Abolish the Small Business Administration
Everyone loves small businesses. But that’s no reason to keep an agency dedicated to extending loans and other privileges to some of them at the expense of everyone else.
Contrary to common belief, it is not the role of government to subsidize private companies. This statement is true whether the company is green, minority-owned, small, or gargantuan. Besides, the fetish for small businesses is annoying. Small businesses employ 45.9 percent of American workers, according to the Small Business Administration (SBA). That sounds impressive until you realize that 99.9 percent of businesses in America are small. That means 0.1 percent of businesses in the country employ more than half of the work force.
The SBA is mostly useless. No doubt various businesses getting subsidized loans through the agency love it. If your enterprise can’t get a loan because your business plan is subpar, an SBA guarantee will help convince a bank to give you cash, since taxpayers will cover much of the unpaid loan. Likewise, if you think market rates are too high and lenders’ terms are too stiff, an SBA loan will lower your borrowing costs.

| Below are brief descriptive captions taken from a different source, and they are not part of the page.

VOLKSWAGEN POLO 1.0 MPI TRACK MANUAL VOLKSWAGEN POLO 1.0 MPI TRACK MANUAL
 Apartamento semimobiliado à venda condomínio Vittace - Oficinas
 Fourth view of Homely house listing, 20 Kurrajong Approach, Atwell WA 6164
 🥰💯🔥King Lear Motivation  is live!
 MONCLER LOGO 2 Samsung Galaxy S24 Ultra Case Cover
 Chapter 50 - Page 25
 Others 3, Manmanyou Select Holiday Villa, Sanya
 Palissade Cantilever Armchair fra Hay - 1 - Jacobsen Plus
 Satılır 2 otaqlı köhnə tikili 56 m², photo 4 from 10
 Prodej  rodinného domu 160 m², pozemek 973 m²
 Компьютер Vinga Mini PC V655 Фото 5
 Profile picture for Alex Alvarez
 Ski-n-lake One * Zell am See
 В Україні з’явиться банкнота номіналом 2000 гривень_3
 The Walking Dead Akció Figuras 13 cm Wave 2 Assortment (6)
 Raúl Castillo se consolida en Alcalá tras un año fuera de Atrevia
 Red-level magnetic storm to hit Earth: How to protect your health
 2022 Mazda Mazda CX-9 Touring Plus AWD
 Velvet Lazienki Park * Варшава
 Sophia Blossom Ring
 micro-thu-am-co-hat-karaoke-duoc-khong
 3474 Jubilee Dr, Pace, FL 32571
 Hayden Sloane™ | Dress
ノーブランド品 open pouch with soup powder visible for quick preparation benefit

But that doesn’t mean the SBA is good for the country as a whole. The SBA boasts that its lending fills an essential gap for small businesses that can’t access adequate capital. Leaving aside the silliness of believing there must be a market failure if not all companies that want a loan can get one, SBA lending is a drop in the bucket: Traditionally, the agency’s loans have represented about 1 percent of all small business loans.